Action item: Task for the records below: copy exactly from the first line on, stopping once the line with "Ernie Ball Earthwood" is copied, and leave out the pictures.
:::::
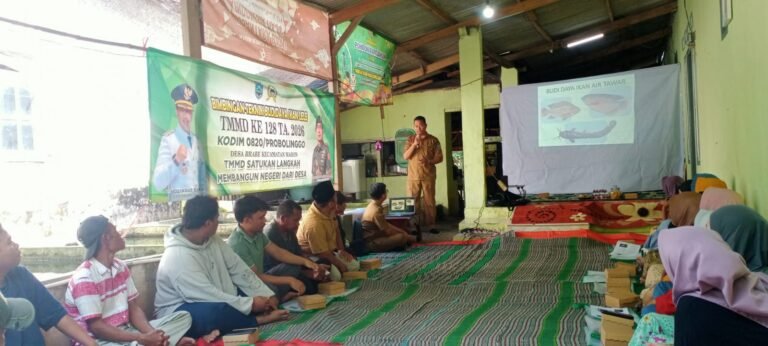Program Non Fisik TMMD, Dinas Perikanan Probolinggo Gelar Bimtek Budidaya Lele di Desa Brabe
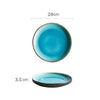 Vaisselle en porcelaine céramique Glaçage Craquelé BLEU LAGON - Couleurs Lagon - 20cm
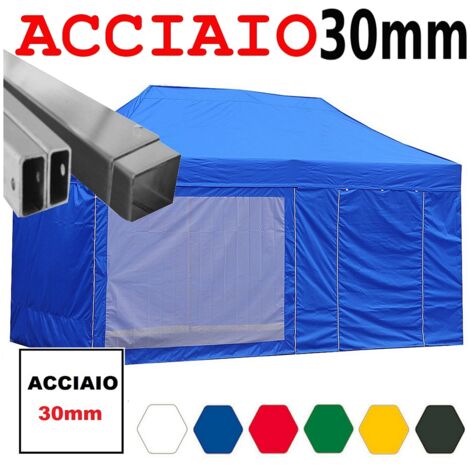 Gazebo 3x6 m blu pieghevole portatile estendibile richiudibile estensibile acciaio con laterali per fiere eventi stand chiosco tenda tendone mercato mercatino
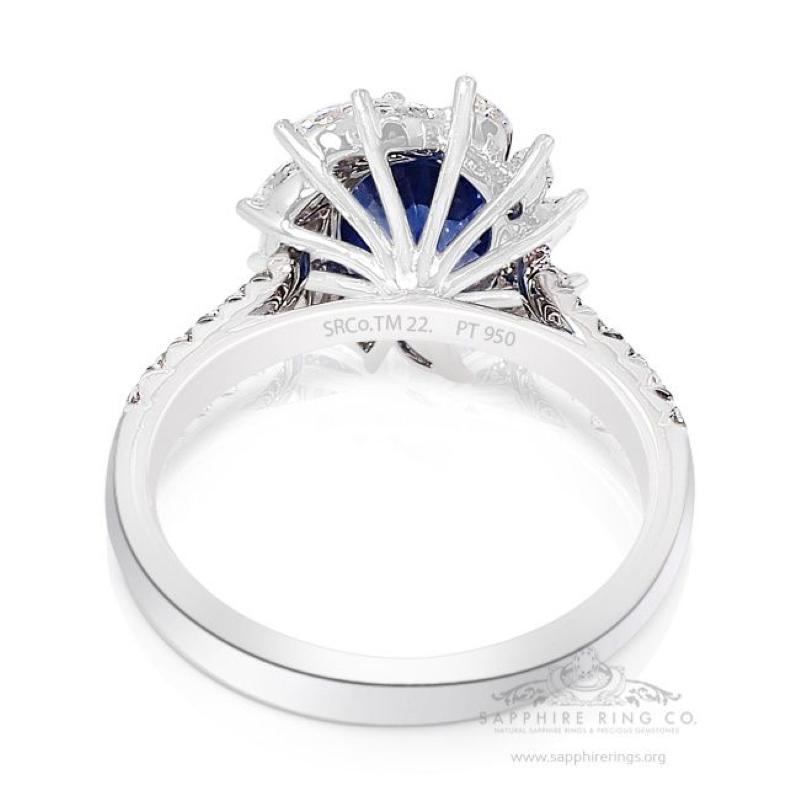 GIA Certified 3.02 ct Platinum Sapphire Ring - Ceylon Blue Sapphire Origin Repor For Sale 1
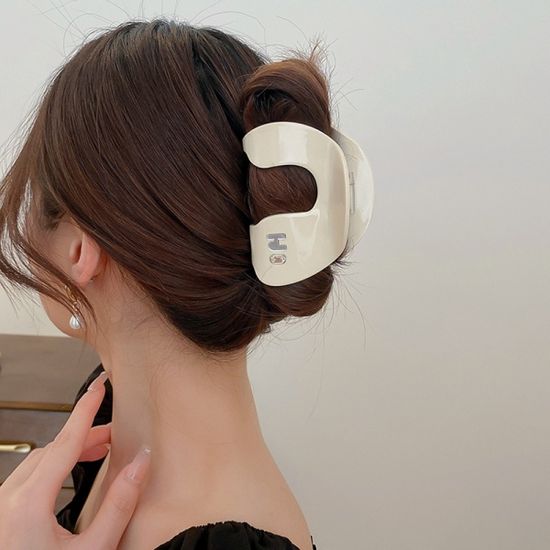 심플 배색 아크릴 c모양 헤어핀 집게핀 고정핀 머리핀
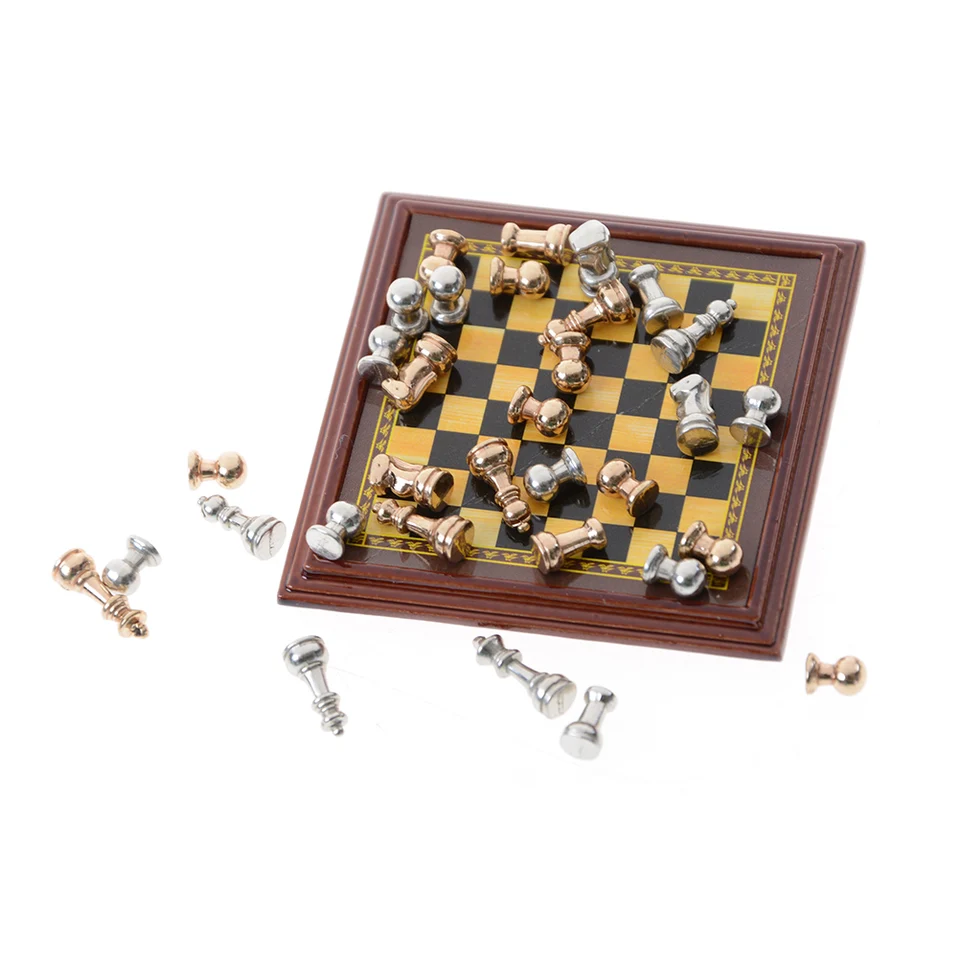 Casa delle Bambole 1/12 Miniatura Metallo Scacchi Argento e Oro e Gioco da Tavol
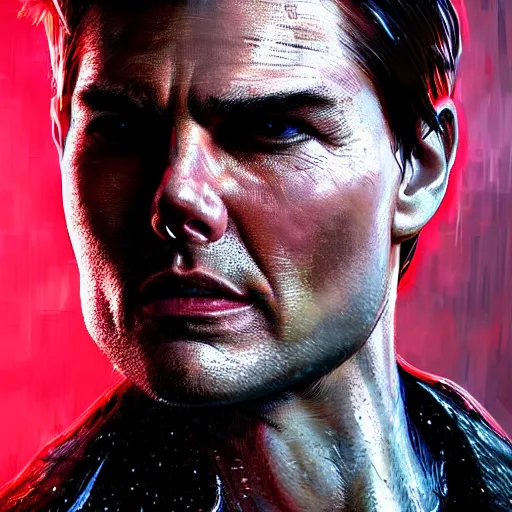 Prompt: tom cruise portrait, dystopia core, apocalyptic, armor, warrior, dramatic, sharp focus, fiction, neon, fantasy, hyper detailed, digital art, trending in artstation, cinematic lighting, studio quality, smooth render, unreal engine 5 rendered, octane rendered, art style and nixeu and wlop and krenz cushart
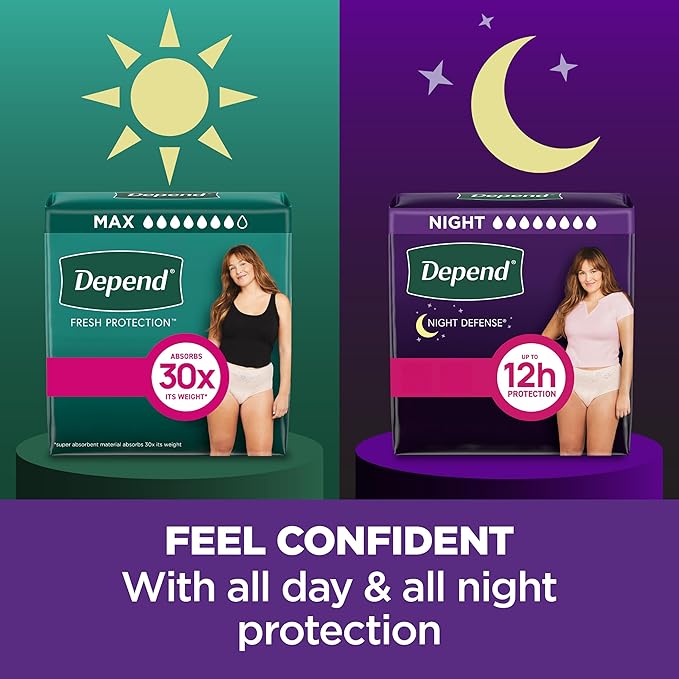 Depend Night Defense Adult Diapers, Incontinence & Postpartum Bladder Leak Underwear for Women, Disposable, Overnight, Medium, Blush, 24 Count, Packaging May Vary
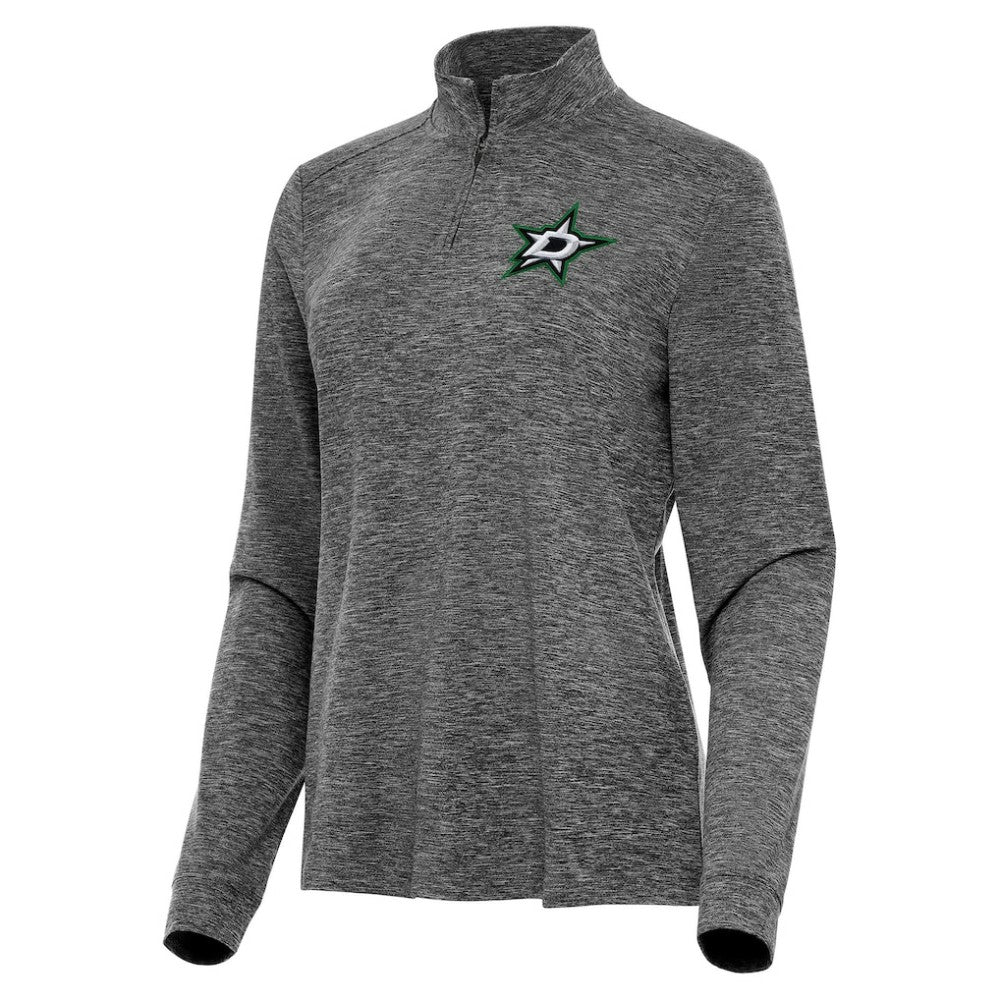 Dallas Stars Antigua Women's Mentor Quarter-Zip Mock Long Sleeve Top - Heather Black | US 202235875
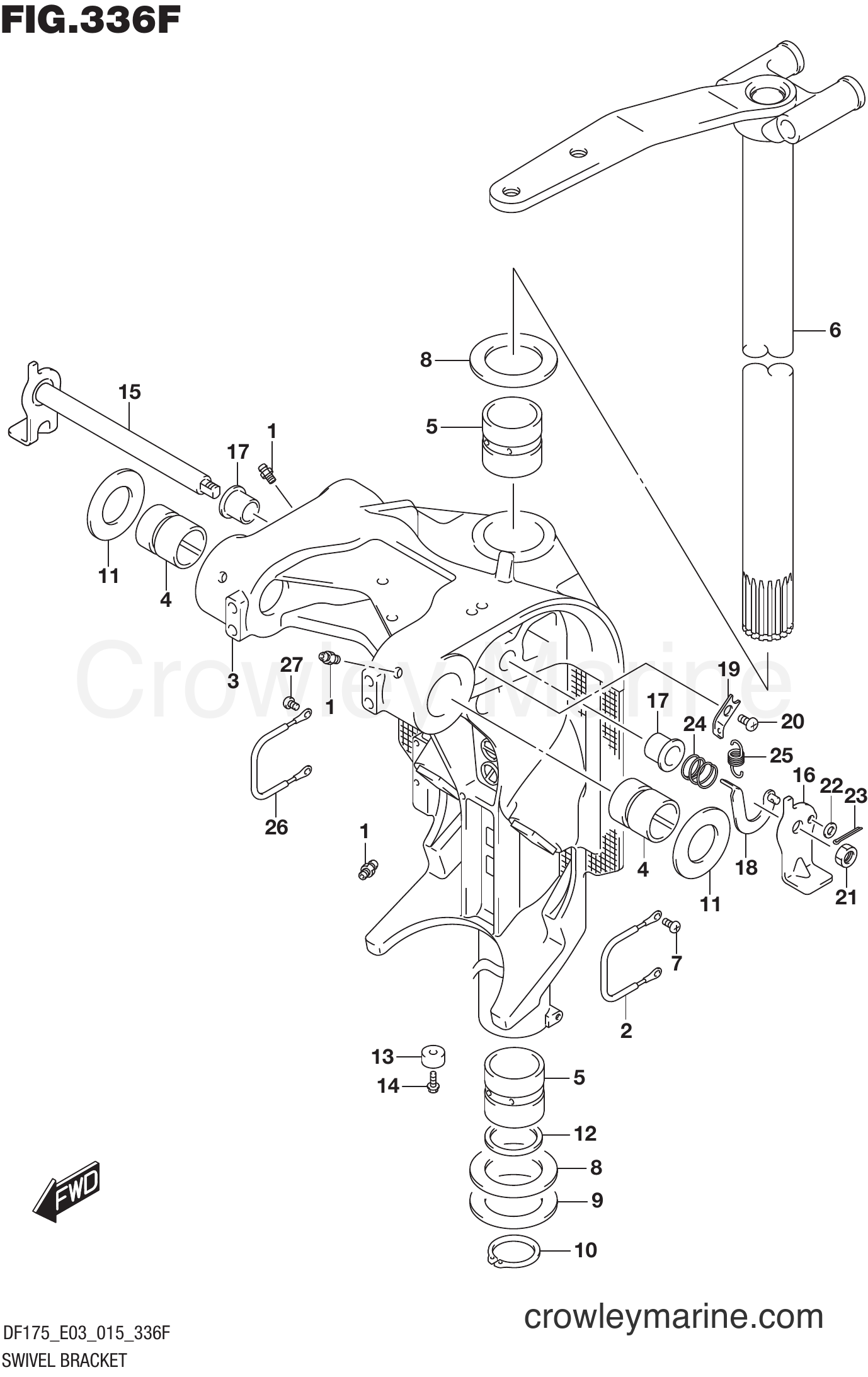 Suzuki Marine DF150 51001~ - SWIVEL BRACKET (DF175TG E03)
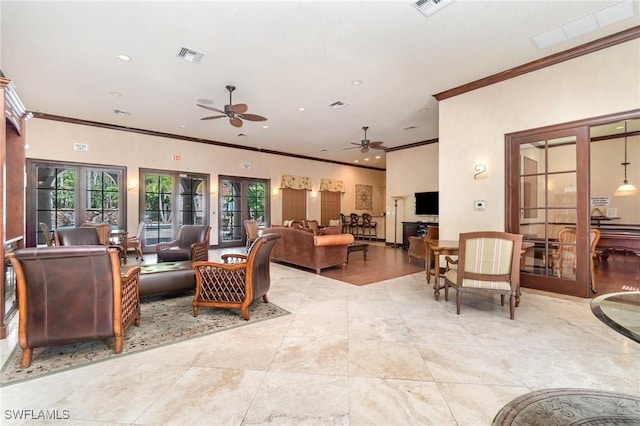 8570 Evernia Ct Unit 101, Estero, FL 34135 - tiled living room featuring crown molding, a ceiling fan, recessed lighting, and french doors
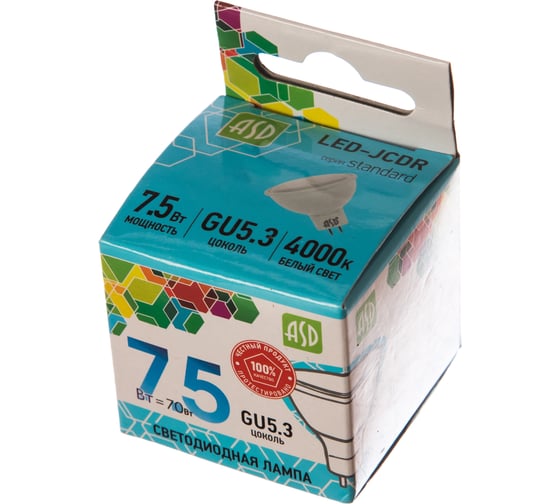 Светодиодная лампа ASD LED-JCDR-standard 7.5Вт 230В GU5.3 4000К 675Лм 4690612001456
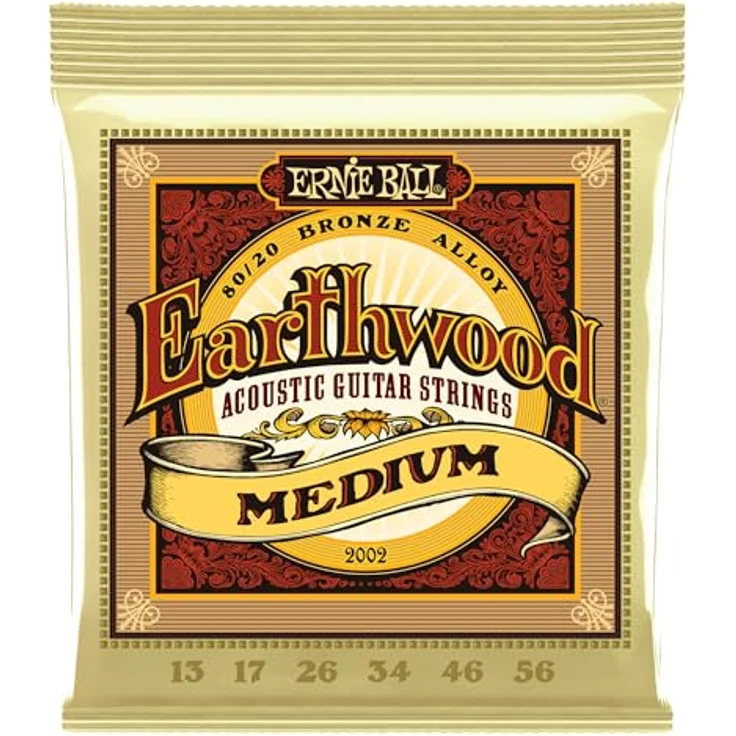 Ernie Ball Earthwood Medium Akustik-Gitarrensaiten, 80/20-Bronze, Stärke 13-56, hell ausgewogener Klang und hervorragende Projektion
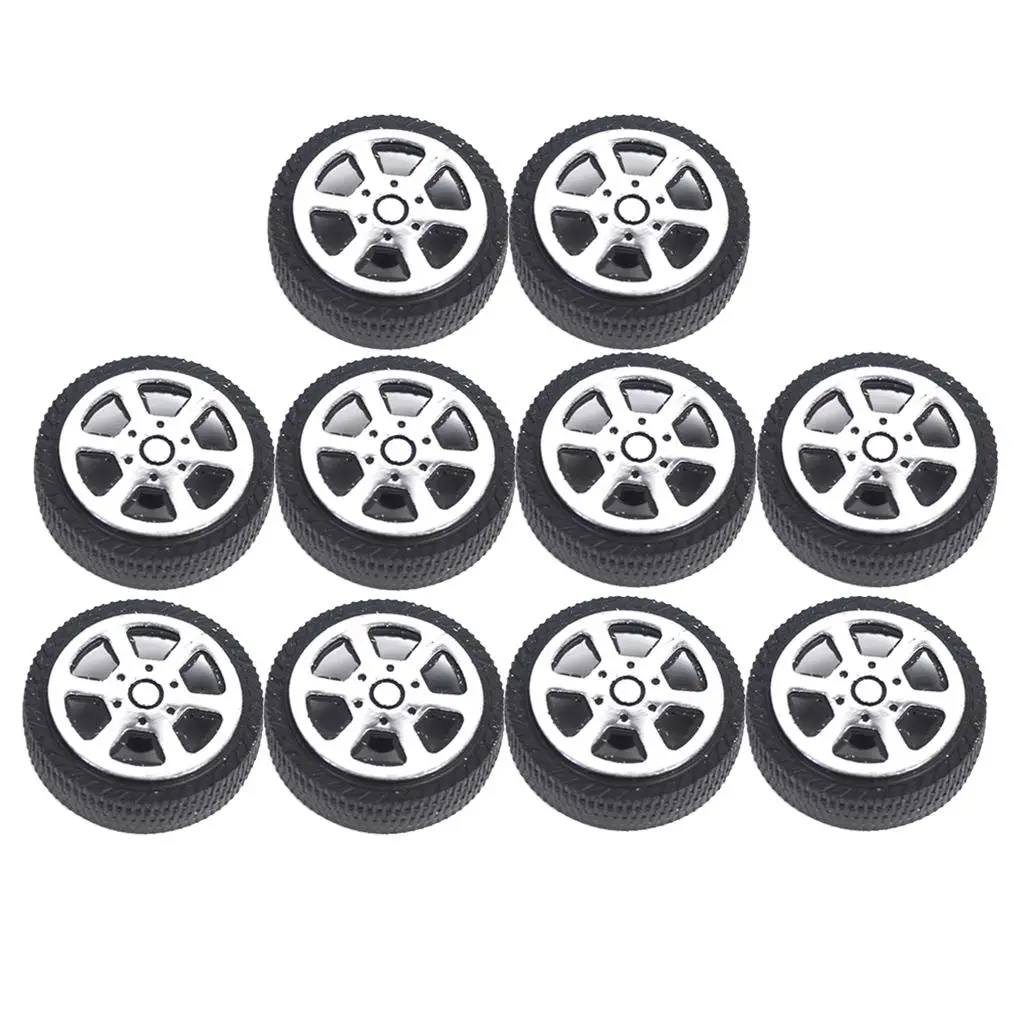 Empilement de 10 roues et pneus RC 30mm 5 rayons pour remplacement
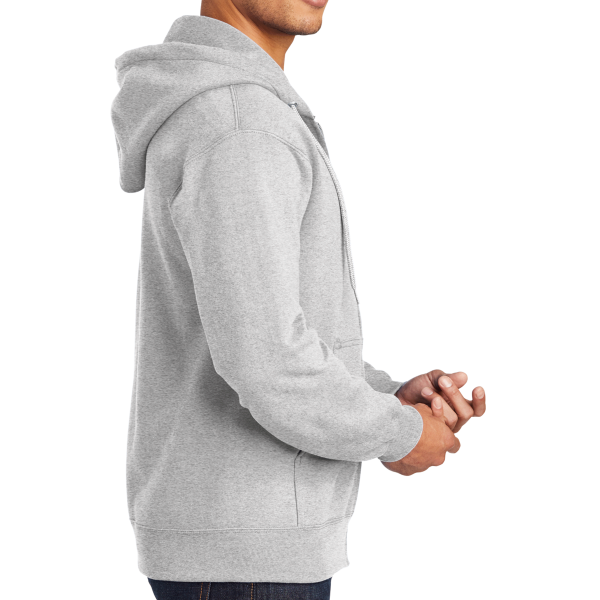 Port & Co Essential Fleece Full Zip Hooded Sweatshirt, Ash, Right Sleeve view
:::::
Written answer:
Program Non Fisik TMMD, Dinas Perikanan Probolinggo Gelar Bimtek Budidaya Lele di Desa Brabe
 Vaisselle en porcelaine céramique Glaçage Craquelé BLEU LAGON - Couleurs Lagon - 20cm
 Gazebo 3x6 m blu pieghevole portatile estendibile richiudibile estensibile acciaio con laterali per fiere eventi stand chiosco tenda tendone mercato mercatino
 GIA Certified 3.02 ct Platinum Sapphire Ring - Ceylon Blue Sapphire Origin Repor For Sale 1
 심플 배색 아크릴 c모양 헤어핀 집게핀 고정핀 머리핀
 Casa delle Bambole 1/12 Miniatura Metallo Scacchi Argento e Oro e Gioco da Tavol
 Prompt: tom cruise portrait, dystopia core, apocalyptic, armor, warrior, dramatic, sharp focus, fiction, neon, fantasy, hyper detailed, digital art, trending in artstation, cinematic lighting, studio quality, smooth render, unreal engine 5 rendered, octane rendered, art style and nixeu and wlop and krenz cushart
 Depend Night Defense Adult Diapers, Incontinence & Postpartum Bladder Leak Underwear for Women, Disposable, Overnight, Medium, Blush, 24 Count, Packaging May Vary
 Dallas Stars Antigua Women's Mentor Quarter-Zip Mock Long Sleeve Top - Heather Black | US 202235875
 Suzuki Marine DF150 51001~ - SWIVEL BRACKET (DF175TG E03)
 8570 Evernia Ct Unit 101, Estero, FL 34135 - tiled living room featuring crown molding, a ceiling fan, recessed lighting, and french doors
 Светодиодная лампа ASD LED-JCDR-standard 7.5Вт 230В GU5.3 4000К 675Лм 4690612001456
 Ernie Ball Earthwood Medium Akustik-Gitarrensaiten, 80/20-Bronze, Stärke 13-56, hell ausgewogener Klang und hervorragende Projektion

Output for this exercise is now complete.